His mind keeps returning to the blast. To that sense of being there at ground zero at the crucial instant yet somehow unable to take it in. There seems some lesson in that, if only he could make sense of it.
Wali is squatting in the shade of the guardhouse eating some kind of stew from a battered tin bowl. At the sight of David, his grin, like manna falling.
“Mr. David! We are still alive, isn’t it?”
A boy darts out from the kitchen courtyard and sets a cup of milky tea at Wali’s feet. David recognizes him as the one Said delivered a backhand to some days earlier.
“Is my son,” Wali says. The boy is five or six, dressed in a dirty white thawb that is a miniature of his father’s. “Name is Wali. Same like mine.”

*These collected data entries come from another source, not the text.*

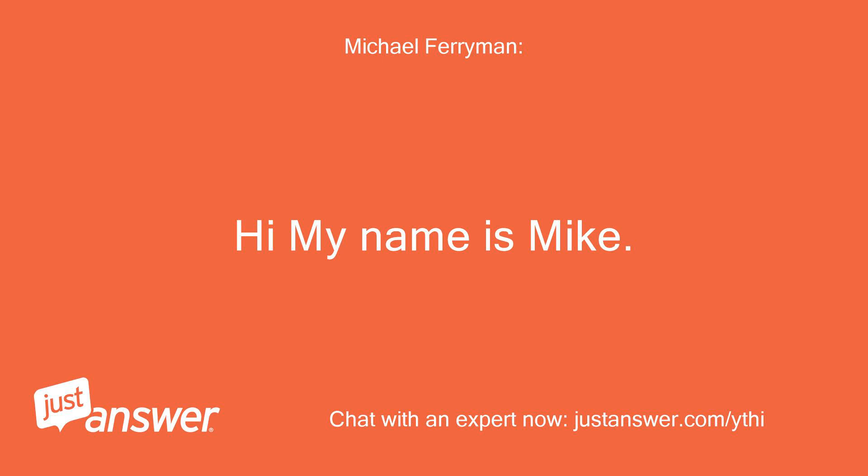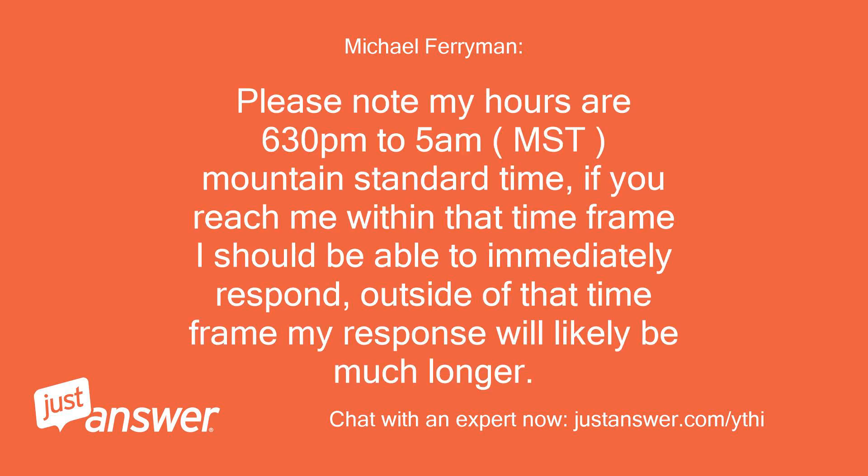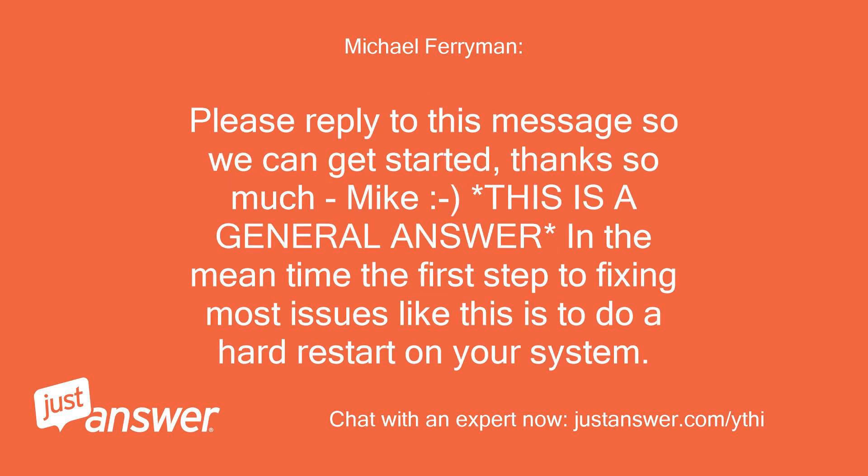Hi, my name is Mike. I have accepted your question and will be happy to help you. Please note my hours are 6:30pm to 5am MST (Mountain Standard Time). If you reach me within that time frame I should be able to immediately respond; outside of that, my response will likely be much longer. Please reply to this message so we can get started — thanks so much. As a general answer in the meantime, the first step to fixing most issues like this is to do a hard restart on your system.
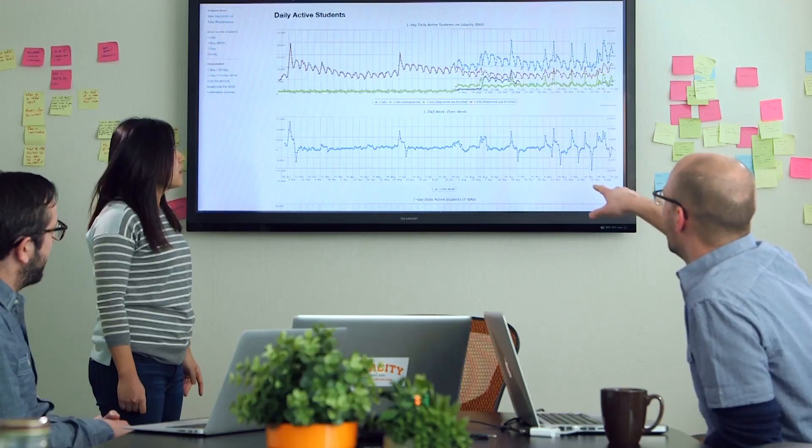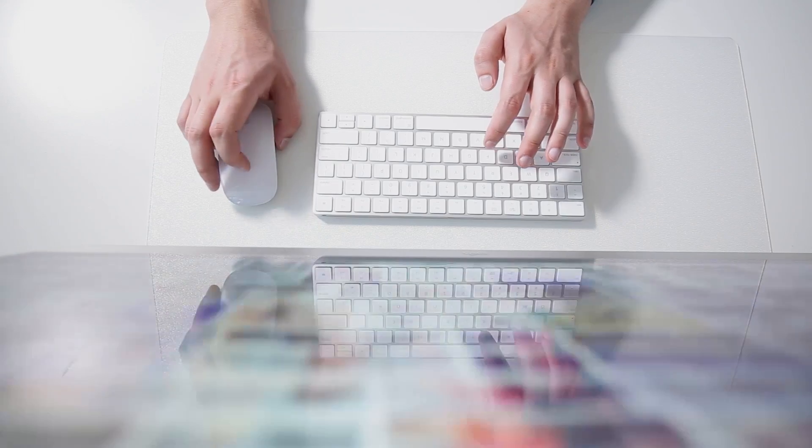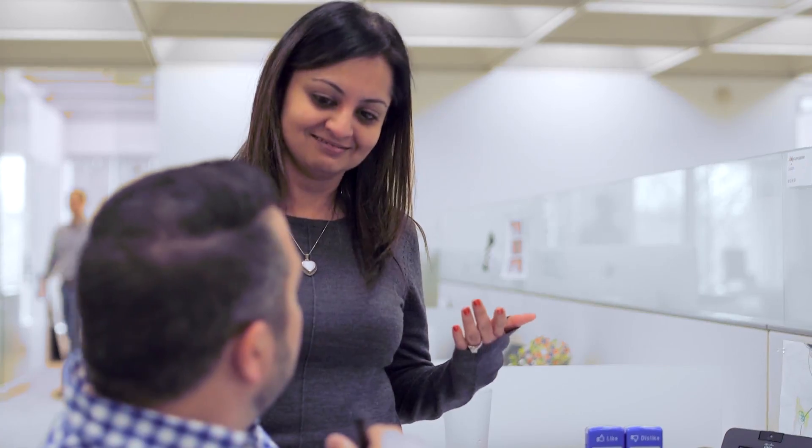Many people believe you need data scientists or programmers to answer these types of questions. The great news is that you don't need to rely on others to solve your data related problems. In fact, you can solve a majority of business problems with the most commonly used predictive methodologies by yourself, and more importantly, when you need it — all without programming.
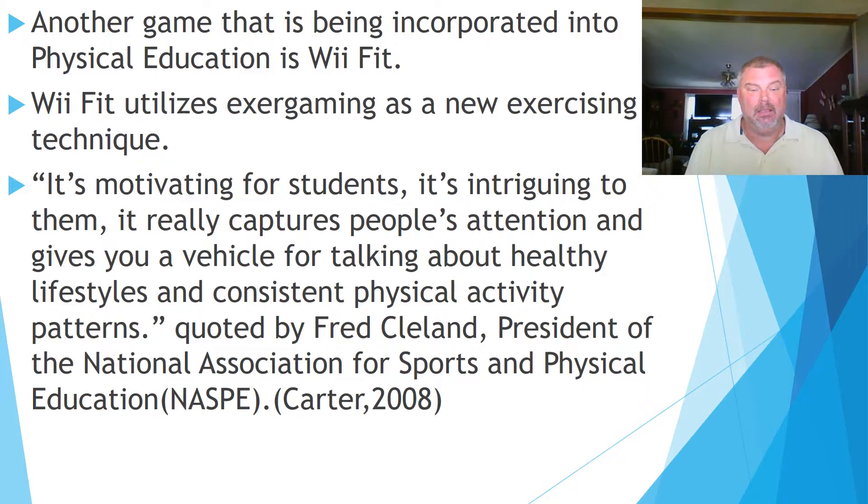Another game being incorporated into physical education is Wii Fit. Wii Fit utilizes exergaming as a new exercising technique. It's motivating and intriguing for students. As quoted by Fred Cleland, President of the National Association for Sports and Physical Education (NASPE): it really captures people's attention and gives you a vehicle for talking about healthy lifestyles and consistent physical activity patterns.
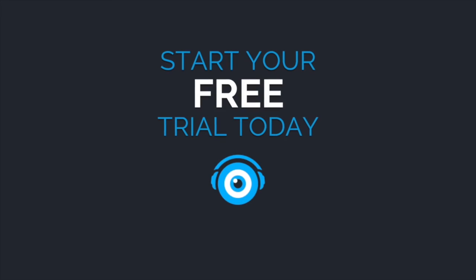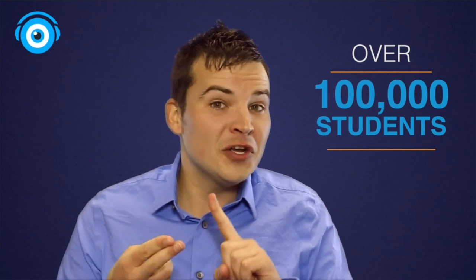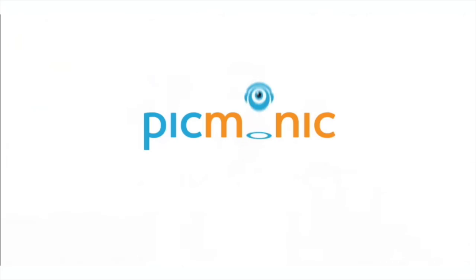Everything we learned today and more is available inside of the Pygmonic Learning System. Go to pygmonic.com today and try it for free, and find out why over 100,000 students are learning smarter, learning faster, and remembering it longer with fun pictures using Pygmonic.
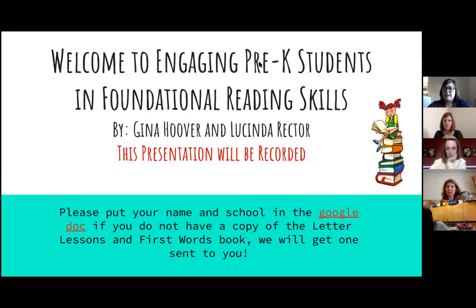We're going to be talking a lot about the book 'Letter Lessons and First Words.' If you do not have that book — Lucinda's holding it up — it'll also be linked in the presentation. There is a Google Doc linked on the first page; please throw your name in that Google Doc and we will get one of those books sent out to you. Everything you need is linked into this presentation, so don't panic.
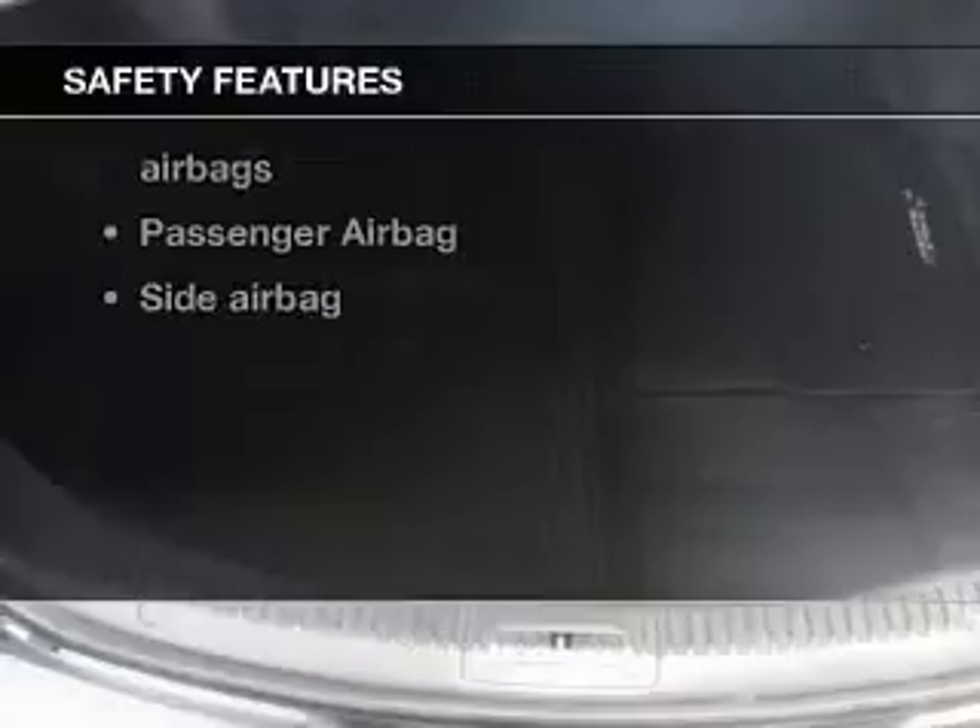And for your peace of mind, the following safety equipment is included: front ventilated disc brakes, curtain head airbags, passenger airbag, side airbag, traction control, stability control, and low tire pressure warning.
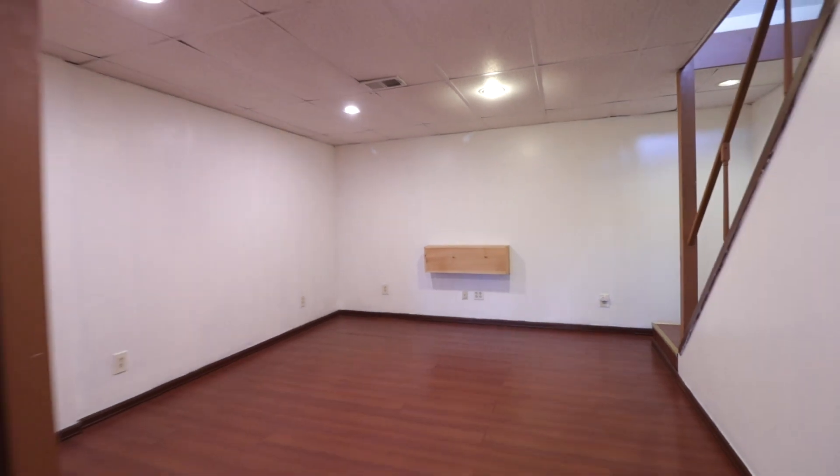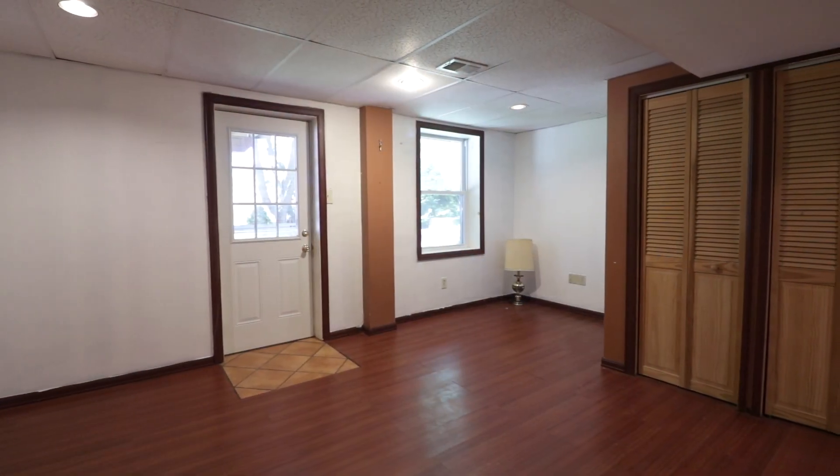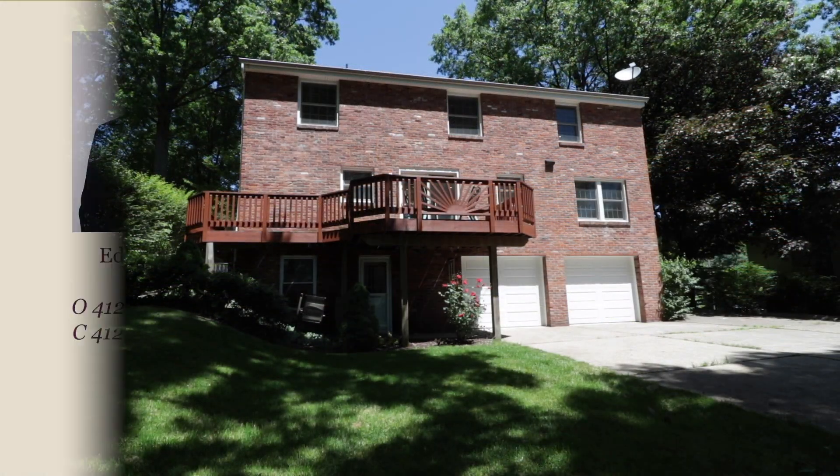The spacious lower level would make for a perfect game room or TV room — the possibilities are endless. If you'd like more information or to schedule a tour, give me a call.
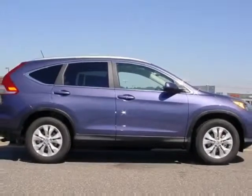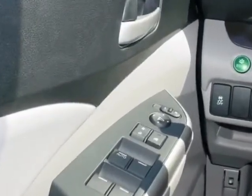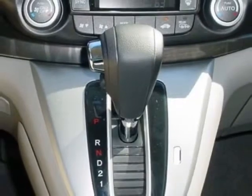This CR-V boasts a 2.4-liter engine and has a 5-speed automatic transmission. Additional options for this vehicle include power mirrors, steering wheel radio controls, climate control, and fog lights.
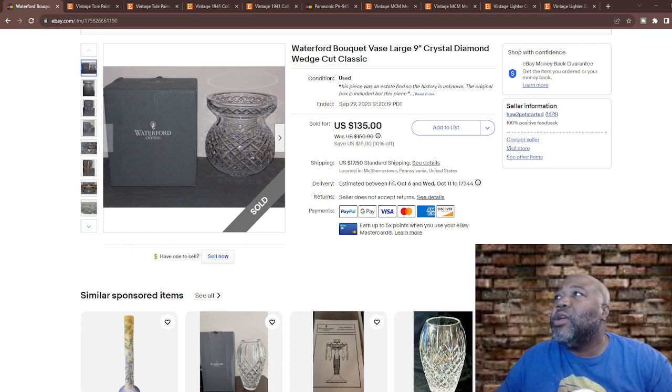By the 1950s Waterford Crystal had established itself as a premier crystal brand known for fine craftsmanship and beautiful designs — many pieces were hand blown and hand cut. Notable designs include the Lismore pattern introduced in 1952, still popular today with its diamond and wedge cuts. Other famous cuts include the Galloway and the Colline patterns. Waterford has crafted custom pieces for the Vatican and the White House.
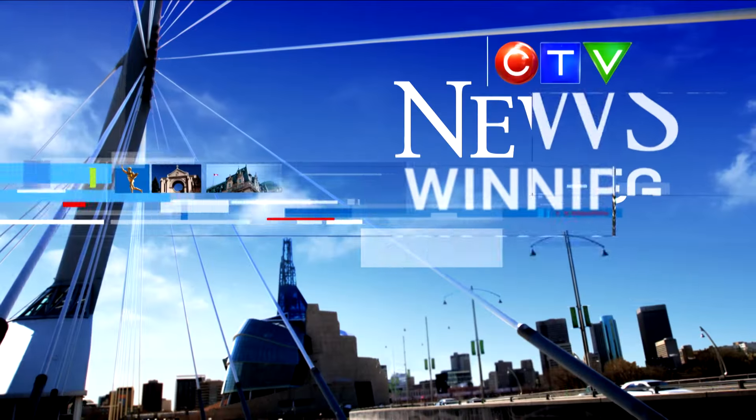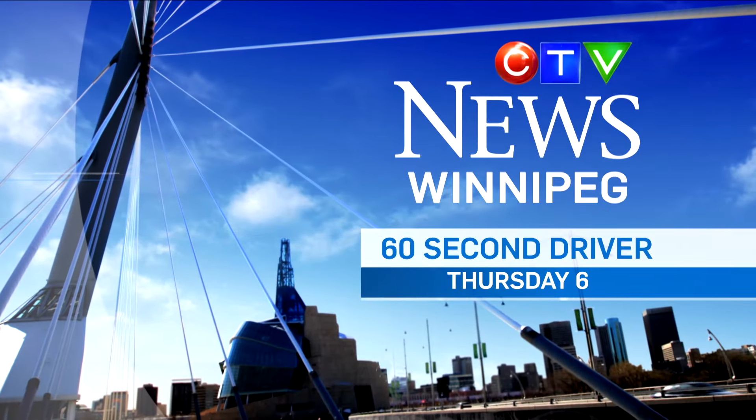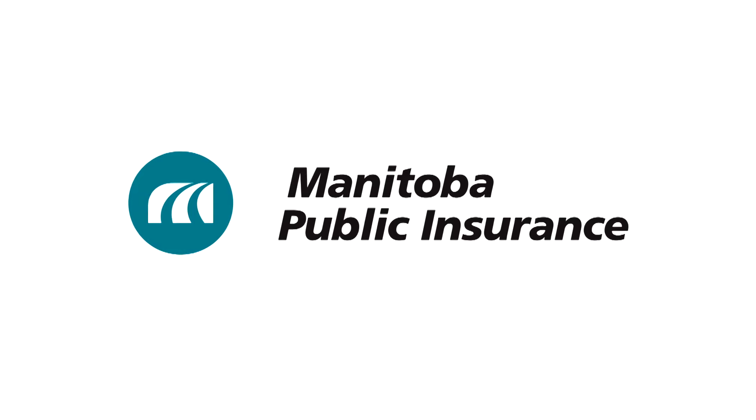To avoid problems like faulty brakes, it's a good idea to keep your vehicle maintained to ensure everything is in working order. For more driving tips, watch The 60-Second Driver Thursdays at 6 on CTV News, brought to you by Manitoba Public Insurance.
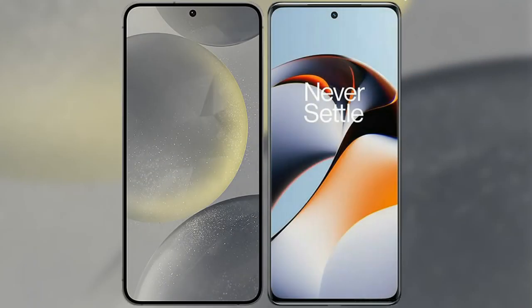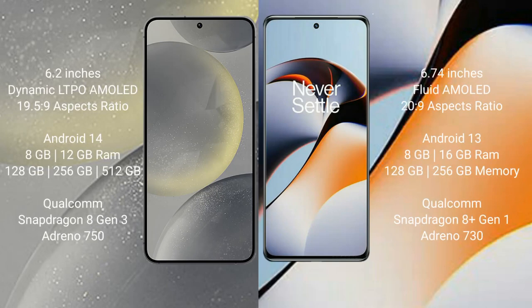I will compare the new Samsung Galaxy S24 with the OnePlus 11R. The Samsung Galaxy S24 comes with a 6.2-inch Dynamic LTPO AMOLED display and aspect ratio of 19.5:9. The OnePlus 11R comes with a 6.74-inch flat AMOLED display and aspect ratio of 20:9.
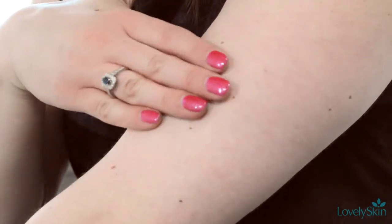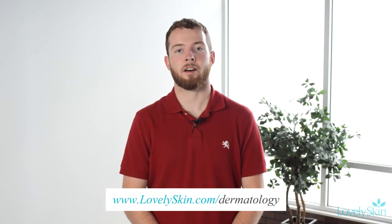Make sure to check your moles regularly with the ABCDE method, but book a yearly appointment with your dermatologist for a professional evaluation. If you have additional questions about skin cancer, please visit lovelyskin.com/dermatology. Thank you for watching.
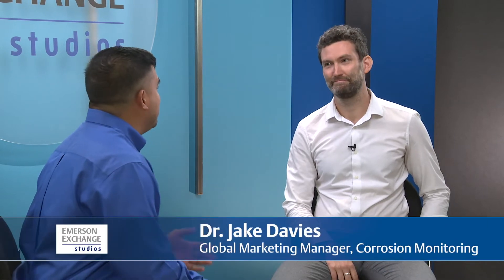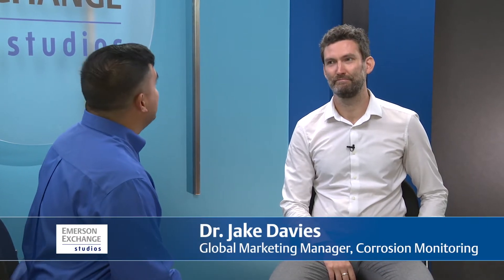Hello and welcome to Emerson Exchange Studios. I'm Eric Poggi-Sumangel. I'm joined in studio by Dr. Jake Davis, Global Marketing Director of Emerson's corrosion monitoring business. Welcome, Jake. Thank you.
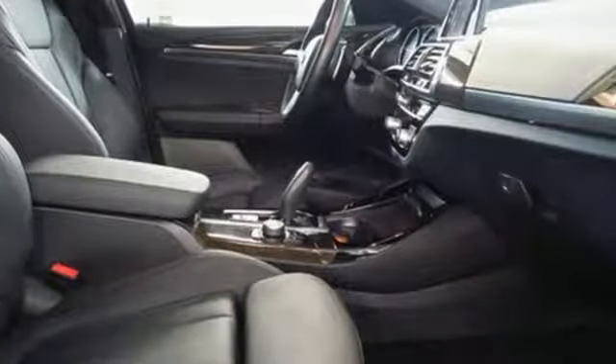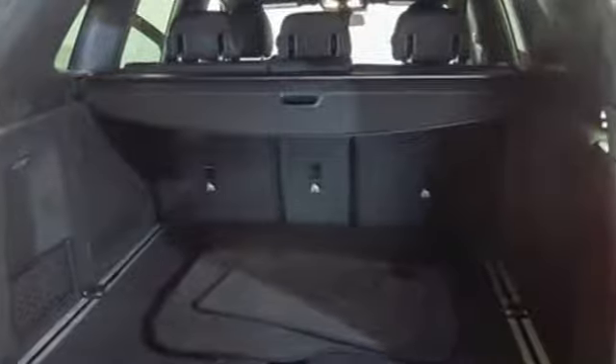Motor Trend reports with newfound suppleness to its suspension setup, greater agility, stronger performance, reduced thirst and expanded roominess. The X3 feels much more like something conceived in Munich should.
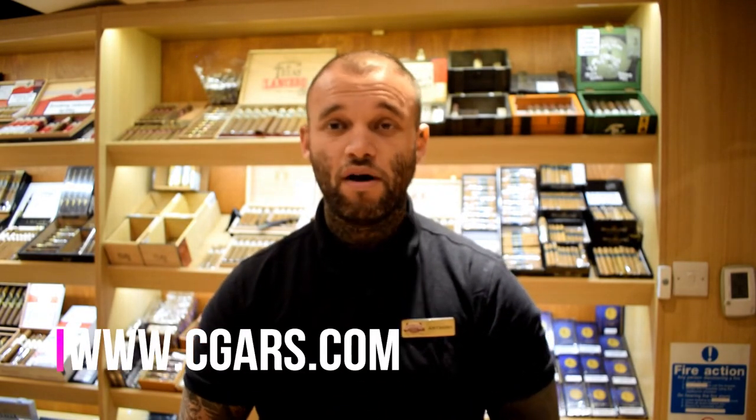For anything else, pop down to cigars.com or into any of our shops and ask as many questions as you want. Hit us up in the comments if there's anything else you'd like to see. Until next time, take care — see you later.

David remembers the hard set of the boy’s shoulders when Said struck him, the glisten of tears held back. That he himself said nothing.
“Wali is a good name.” He hands the boy a coin as if he were merely the good-hearted foreigner Wali seems to see him as. “Your father is a good man.”
Wali beams.
“Ah, Mr. David! I think you are joking! I think you want to kill me!”
There is a sound of raised voices from the lobby and Said and Yusuf emerge in the midst of some heated argument. Said slumps into his chair beneath the palm and Yusuf picks up a stone and flings it at him, hard.
“Why are you sitting, fool? The customer is waiting, can’t you see that? Didn’t you sleep enough in the morning?”
Said rises like a sulking schoolboy and makes his way to the car. He kicks out at Wali as he passes him and knocks over his teacup.